Word for word, write out the entries that follow, omitting all pictures.
[Opening Material for the task section]
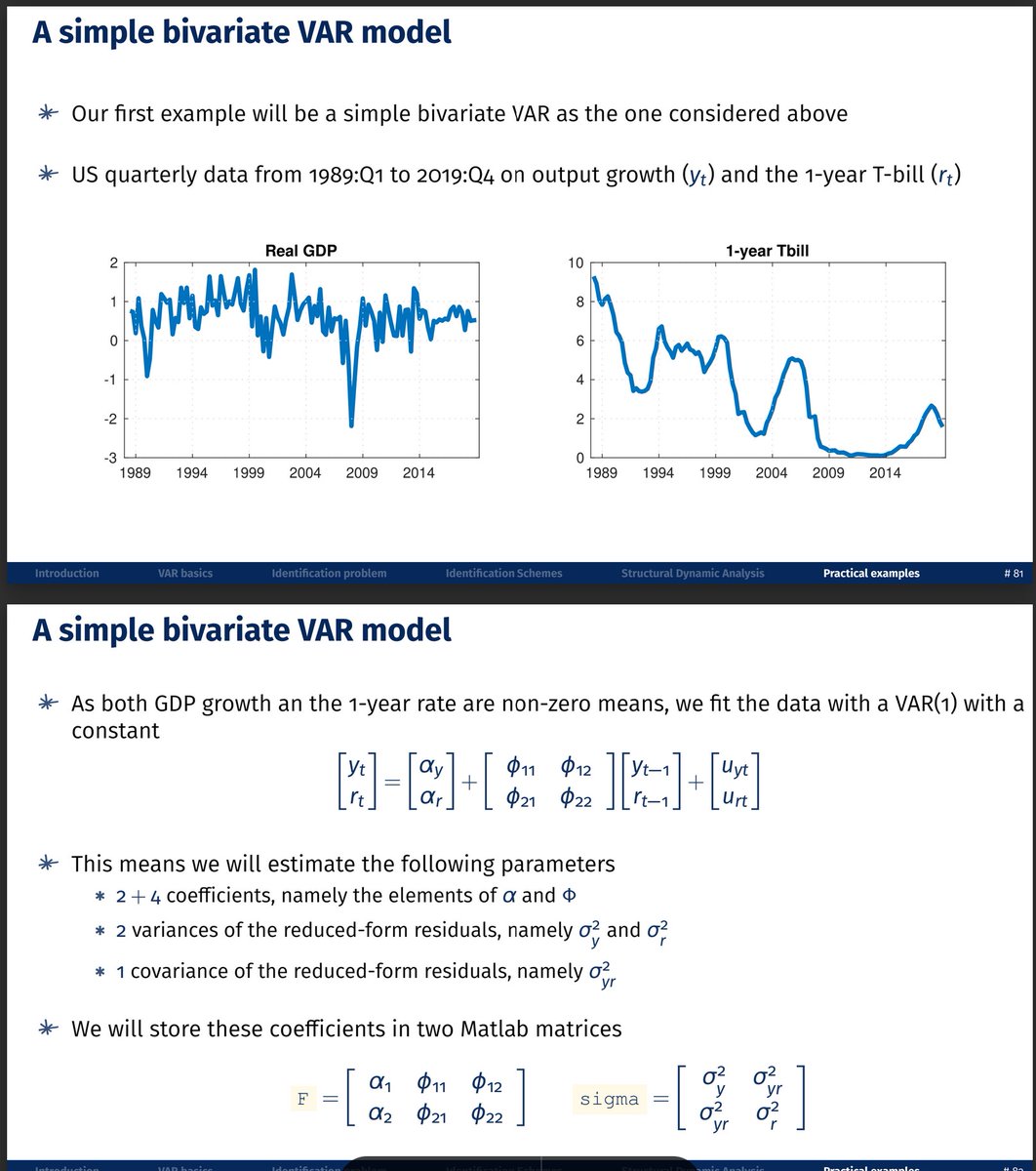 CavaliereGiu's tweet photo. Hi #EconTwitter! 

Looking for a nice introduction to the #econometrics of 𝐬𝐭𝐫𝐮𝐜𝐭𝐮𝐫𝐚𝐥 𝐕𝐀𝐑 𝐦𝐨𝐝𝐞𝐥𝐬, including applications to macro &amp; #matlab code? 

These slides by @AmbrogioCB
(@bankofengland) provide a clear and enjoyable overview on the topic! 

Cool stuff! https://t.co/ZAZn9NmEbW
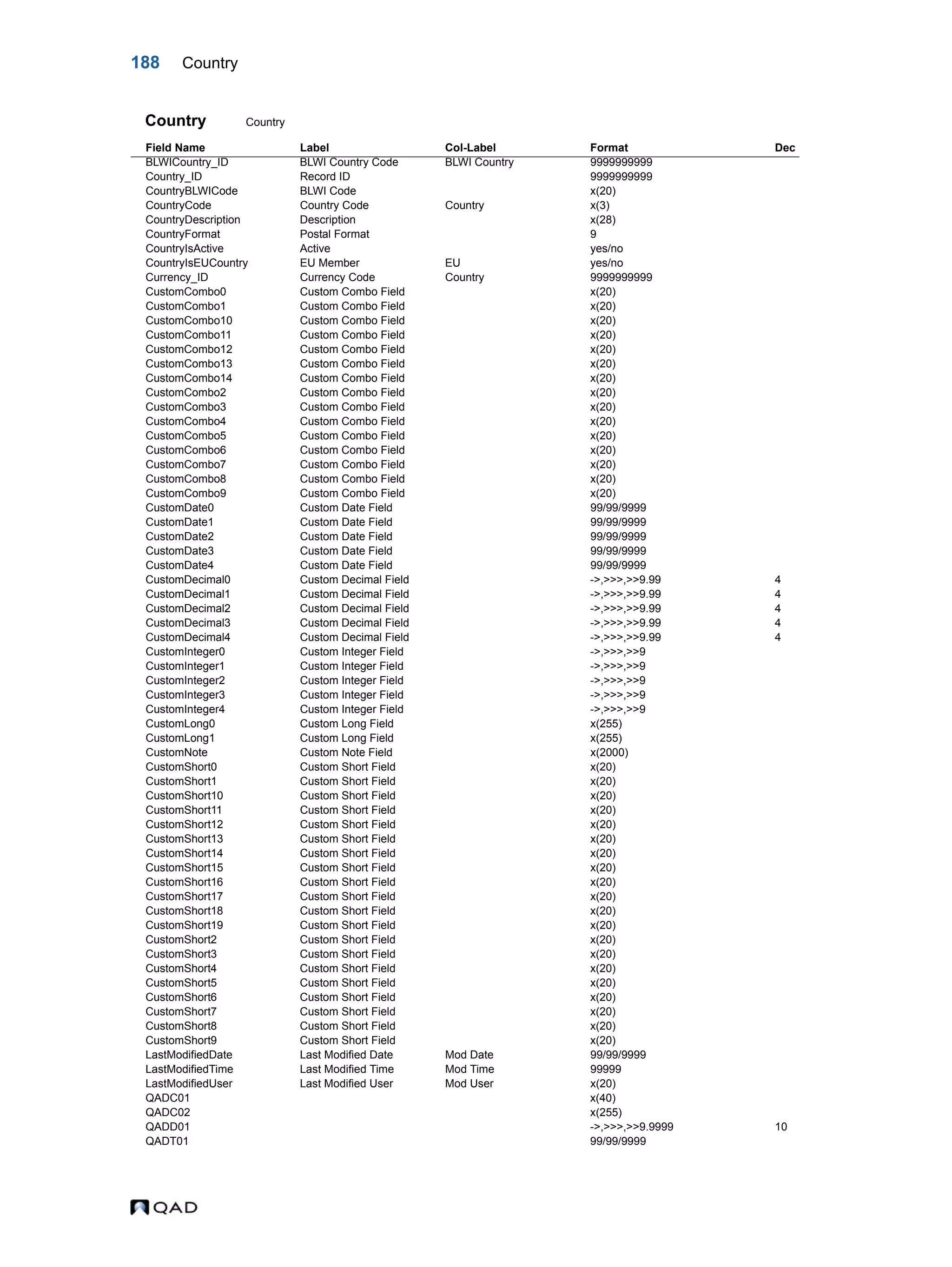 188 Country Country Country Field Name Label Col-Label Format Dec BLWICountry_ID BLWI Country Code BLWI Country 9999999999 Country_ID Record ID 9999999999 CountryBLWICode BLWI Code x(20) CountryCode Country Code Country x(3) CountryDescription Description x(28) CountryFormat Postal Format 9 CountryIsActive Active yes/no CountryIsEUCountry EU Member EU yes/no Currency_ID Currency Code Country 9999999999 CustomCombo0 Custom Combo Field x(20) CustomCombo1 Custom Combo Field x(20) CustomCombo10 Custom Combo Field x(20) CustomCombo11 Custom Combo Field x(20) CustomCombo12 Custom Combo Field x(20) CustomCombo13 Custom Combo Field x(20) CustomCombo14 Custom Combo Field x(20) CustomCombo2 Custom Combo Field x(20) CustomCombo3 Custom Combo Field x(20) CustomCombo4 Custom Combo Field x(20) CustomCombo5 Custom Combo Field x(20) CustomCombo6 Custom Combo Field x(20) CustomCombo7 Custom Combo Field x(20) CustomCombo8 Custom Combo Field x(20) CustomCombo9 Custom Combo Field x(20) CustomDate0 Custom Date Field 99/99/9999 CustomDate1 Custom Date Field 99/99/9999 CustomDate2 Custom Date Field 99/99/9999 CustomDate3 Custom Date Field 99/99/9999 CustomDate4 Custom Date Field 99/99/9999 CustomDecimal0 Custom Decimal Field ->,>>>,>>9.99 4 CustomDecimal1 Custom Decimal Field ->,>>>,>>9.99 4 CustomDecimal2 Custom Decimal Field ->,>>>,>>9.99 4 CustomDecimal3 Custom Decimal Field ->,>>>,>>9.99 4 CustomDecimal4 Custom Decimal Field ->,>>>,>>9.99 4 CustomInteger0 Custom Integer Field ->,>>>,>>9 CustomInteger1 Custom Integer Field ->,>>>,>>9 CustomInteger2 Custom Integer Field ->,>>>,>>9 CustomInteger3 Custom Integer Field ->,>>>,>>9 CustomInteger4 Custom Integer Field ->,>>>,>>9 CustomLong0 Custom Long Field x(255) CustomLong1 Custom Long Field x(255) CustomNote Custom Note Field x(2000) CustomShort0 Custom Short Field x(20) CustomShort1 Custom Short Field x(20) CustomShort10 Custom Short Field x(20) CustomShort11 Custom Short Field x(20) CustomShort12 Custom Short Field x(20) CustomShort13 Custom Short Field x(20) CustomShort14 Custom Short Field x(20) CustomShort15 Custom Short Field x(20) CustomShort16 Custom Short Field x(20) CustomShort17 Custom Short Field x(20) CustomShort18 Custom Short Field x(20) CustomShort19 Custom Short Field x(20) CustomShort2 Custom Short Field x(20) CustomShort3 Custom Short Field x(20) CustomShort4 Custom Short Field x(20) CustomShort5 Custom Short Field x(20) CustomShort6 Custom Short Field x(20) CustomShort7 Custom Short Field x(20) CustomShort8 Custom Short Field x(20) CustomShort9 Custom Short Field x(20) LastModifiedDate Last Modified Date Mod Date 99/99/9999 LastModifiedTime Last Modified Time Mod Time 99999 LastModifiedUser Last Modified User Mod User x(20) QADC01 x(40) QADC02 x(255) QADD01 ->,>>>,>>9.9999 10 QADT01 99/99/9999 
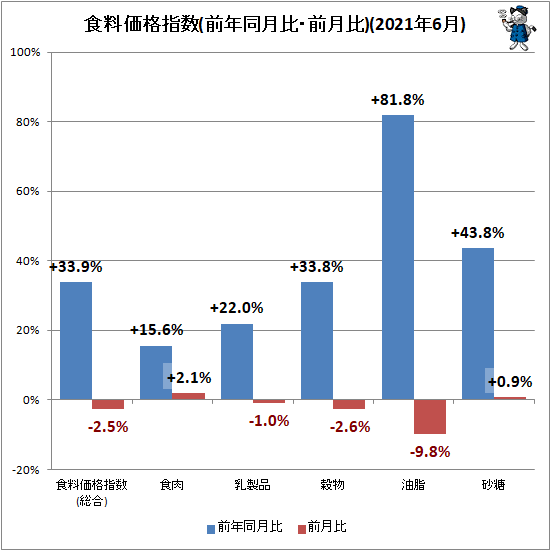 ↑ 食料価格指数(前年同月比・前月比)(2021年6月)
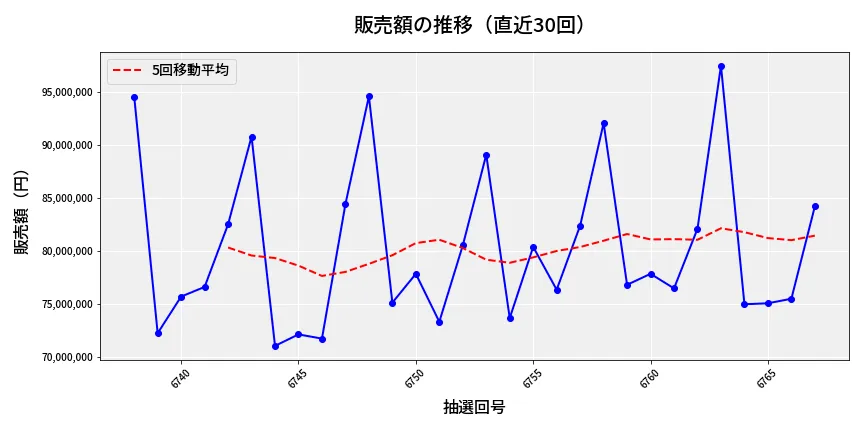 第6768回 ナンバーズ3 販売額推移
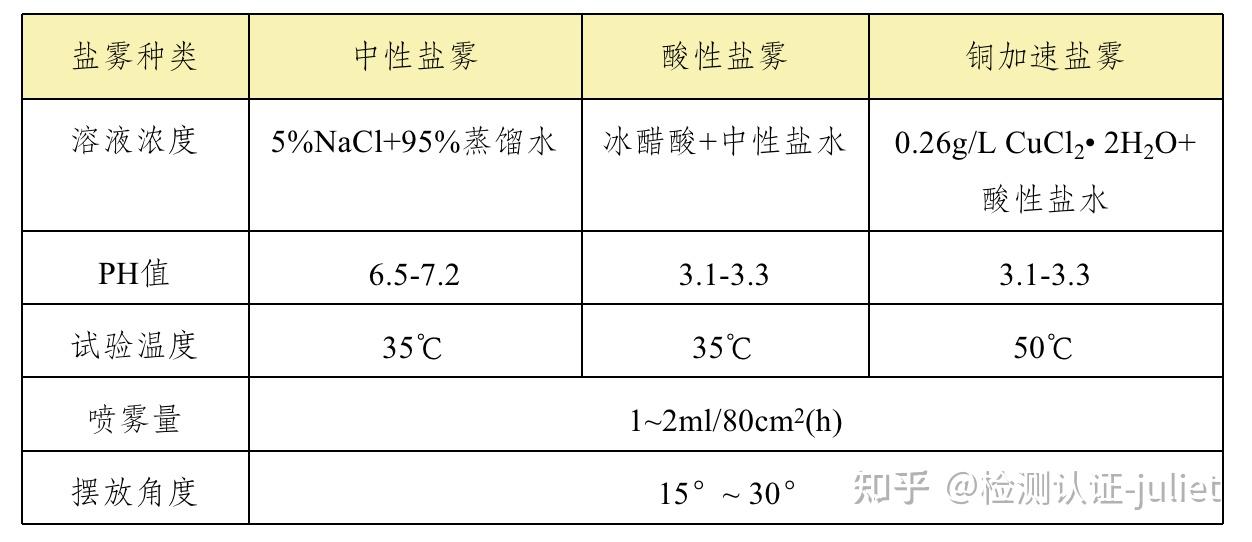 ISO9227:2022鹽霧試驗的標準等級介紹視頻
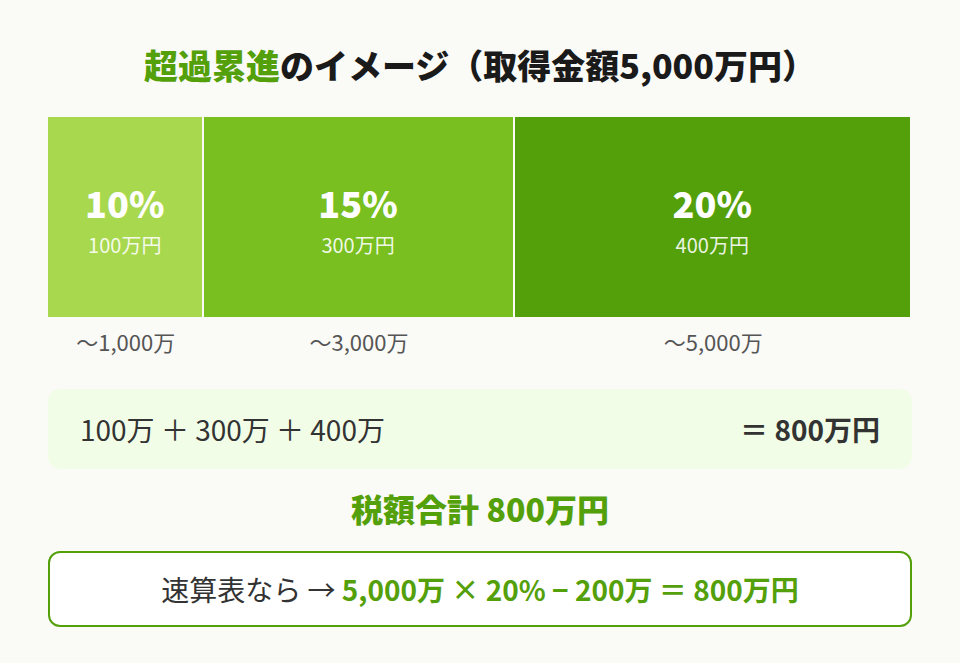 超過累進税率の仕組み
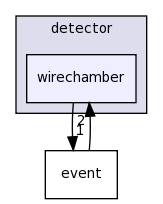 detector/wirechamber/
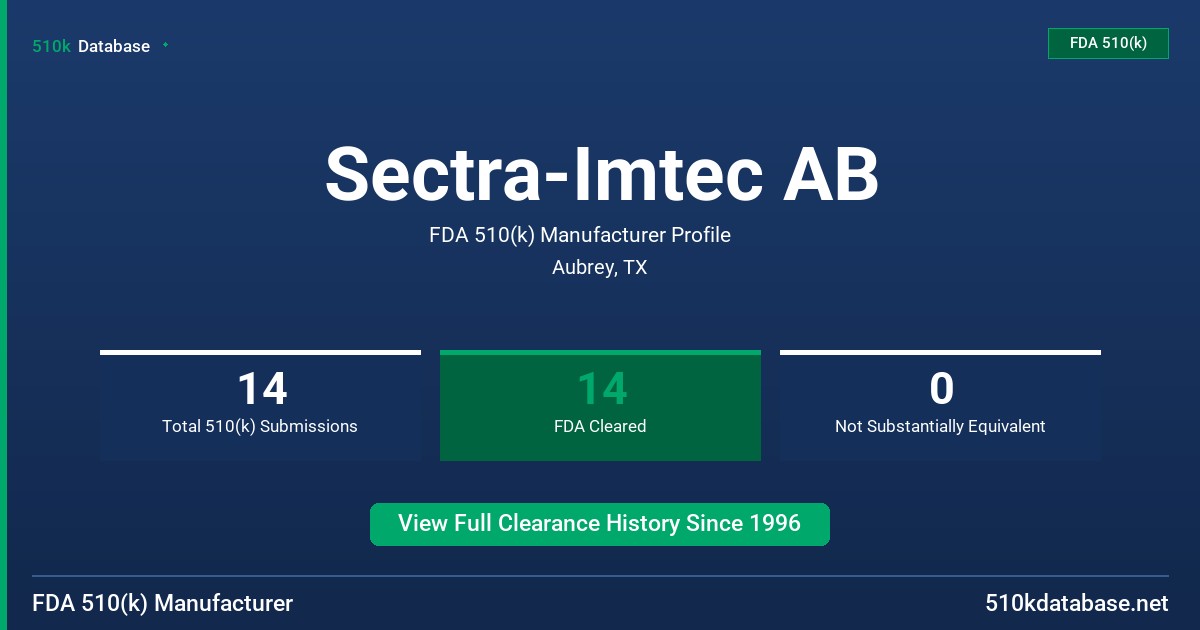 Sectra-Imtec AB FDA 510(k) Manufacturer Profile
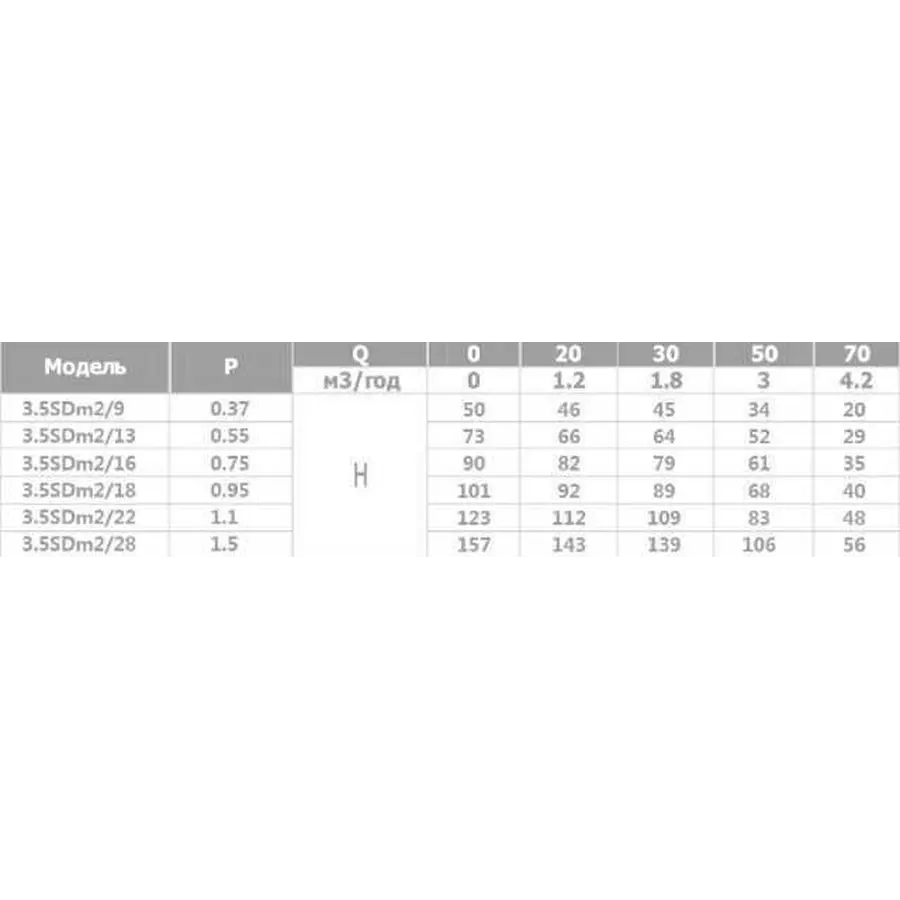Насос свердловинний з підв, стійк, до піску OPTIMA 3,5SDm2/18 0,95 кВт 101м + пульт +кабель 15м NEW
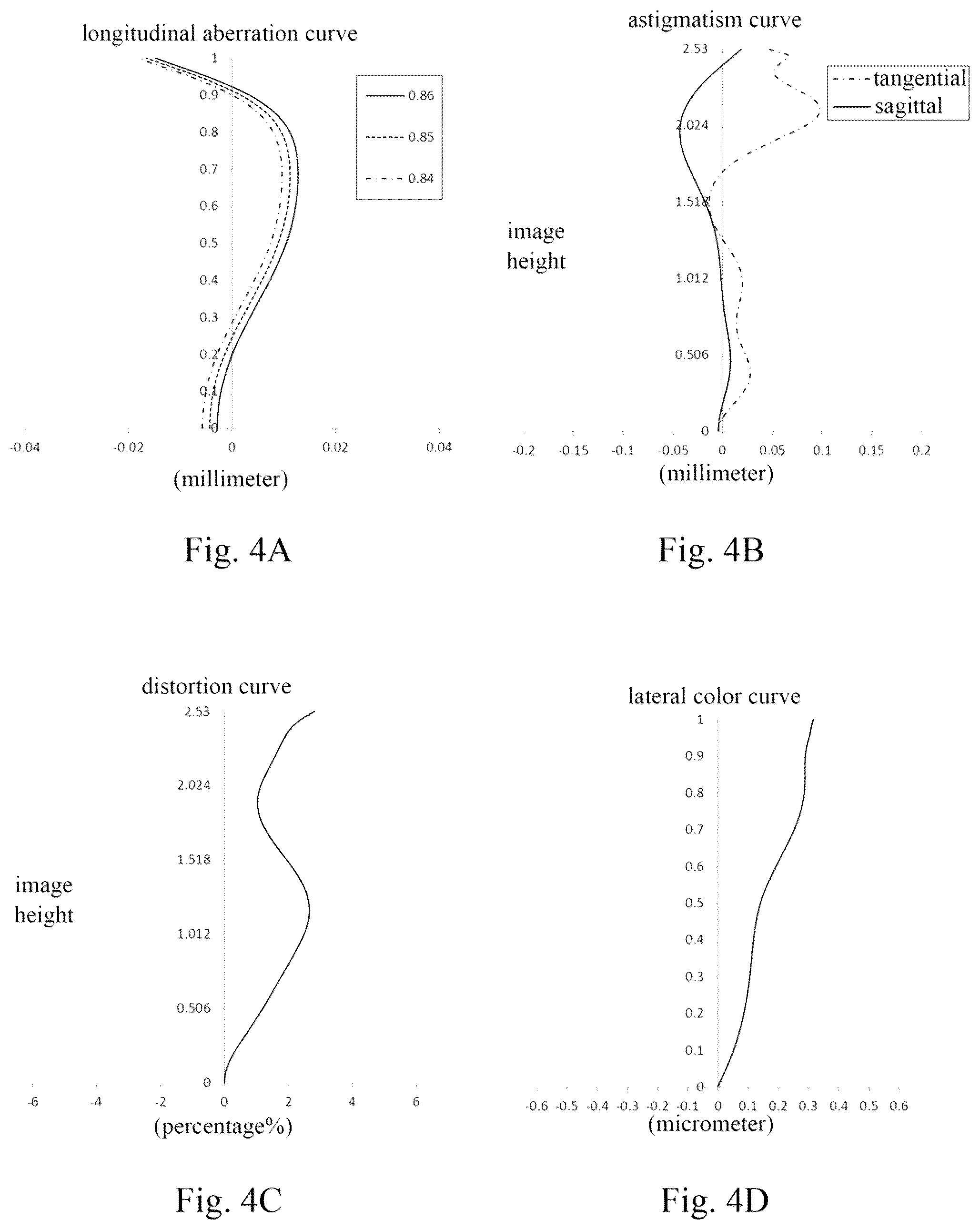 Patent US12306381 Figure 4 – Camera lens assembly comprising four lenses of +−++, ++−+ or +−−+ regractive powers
[Closing Material for the task section]
■ **Expected answer**:
 CavaliereGiu's tweet photo. Hi #EconTwitter! 

Looking for a nice introduction to the #econometrics of 𝐬𝐭𝐫𝐮𝐜𝐭𝐮𝐫𝐚𝐥 𝐕𝐀𝐑 𝐦𝐨𝐝𝐞𝐥𝐬, including applications to macro &amp; #matlab code? 

These slides by @AmbrogioCB
(@bankofengland) provide a clear and enjoyable overview on the topic! 

Cool stuff! https://t.co/ZAZn9NmEbW
 188 Country Country Country Field Name Label Col-Label Format Dec BLWICountry_ID BLWI Country Code BLWI Country 9999999999 Country_ID Record ID 9999999999 CountryBLWICode BLWI Code x(20) CountryCode Country Code Country x(3) CountryDescription Description x(28) CountryFormat Postal Format 9 CountryIsActive Active yes/no CountryIsEUCountry EU Member EU yes/no Currency_ID Currency Code Country 9999999999 CustomCombo0 Custom Combo Field x(20) CustomCombo1 Custom Combo Field x(20) CustomCombo10 Custom Combo Field x(20) CustomCombo11 Custom Combo Field x(20) CustomCombo12 Custom Combo Field x(20) CustomCombo13 Custom Combo Field x(20) CustomCombo14 Custom Combo Field x(20) CustomCombo2 Custom Combo Field x(20) CustomCombo3 Custom Combo Field x(20) CustomCombo4 Custom Combo Field x(20) CustomCombo5 Custom Combo Field x(20) CustomCombo6 Custom Combo Field x(20) CustomCombo7 Custom Combo Field x(20) CustomCombo8 Custom Combo Field x(20) CustomCombo9 Custom Combo Field x(20) CustomDate0 Custom Date Field 99/99/9999 CustomDate1 Custom Date Field 99/99/9999 CustomDate2 Custom Date Field 99/99/9999 CustomDate3 Custom Date Field 99/99/9999 CustomDate4 Custom Date Field 99/99/9999 CustomDecimal0 Custom Decimal Field ->,>>>,>>9.99 4 CustomDecimal1 Custom Decimal Field ->,>>>,>>9.99 4 CustomDecimal2 Custom Decimal Field ->,>>>,>>9.99 4 CustomDecimal3 Custom Decimal Field ->,>>>,>>9.99 4 CustomDecimal4 Custom Decimal Field ->,>>>,>>9.99 4 CustomInteger0 Custom Integer Field ->,>>>,>>9 CustomInteger1 Custom Integer Field ->,>>>,>>9 CustomInteger2 Custom Integer Field ->,>>>,>>9 CustomInteger3 Custom Integer Field ->,>>>,>>9 CustomInteger4 Custom Integer Field ->,>>>,>>9 CustomLong0 Custom Long Field x(255) CustomLong1 Custom Long Field x(255) CustomNote Custom Note Field x(2000) CustomShort0 Custom Short Field x(20) CustomShort1 Custom Short Field x(20) CustomShort10 Custom Short Field x(20) CustomShort11 Custom Short Field x(20) CustomShort12 Custom Short Field x(20) CustomShort13 Custom Short Field x(20) CustomShort14 Custom Short Field x(20) CustomShort15 Custom Short Field x(20) CustomShort16 Custom Short Field x(20) CustomShort17 Custom Short Field x(20) CustomShort18 Custom Short Field x(20) CustomShort19 Custom Short Field x(20) CustomShort2 Custom Short Field x(20) CustomShort3 Custom Short Field x(20) CustomShort4 Custom Short Field x(20) CustomShort5 Custom Short Field x(20) CustomShort6 Custom Short Field x(20) CustomShort7 Custom Short Field x(20) CustomShort8 Custom Short Field x(20) CustomShort9 Custom Short Field x(20) LastModifiedDate Last Modified Date Mod Date 99/99/9999 LastModifiedTime Last Modified Time Mod Time 99999 LastModifiedUser Last Modified User Mod User x(20) QADC01 x(40) QADC02 x(255) QADD01 ->,>>>,>>9.9999 10 QADT01 99/99/9999 
 ↑ 食料価格指数(前年同月比・前月比)(2021年6月)
 第6768回 ナンバーズ3 販売額推移
 ISO9227:2022鹽霧試驗的標準等級介紹視頻
 超過累進税率の仕組み
 detector/wirechamber/
 Sectra-Imtec AB FDA 510(k) Manufacturer Profile
Насос свердловинний з підв, стійк, до піску OPTIMA 3,5SDm2/18 0,95 кВт 101м + пульт +кабель 15м NEW
 Patent US12306381 Figure 4 – Camera lens assembly comprising four lenses of +−++, ++−+ or +−−+ regractive powers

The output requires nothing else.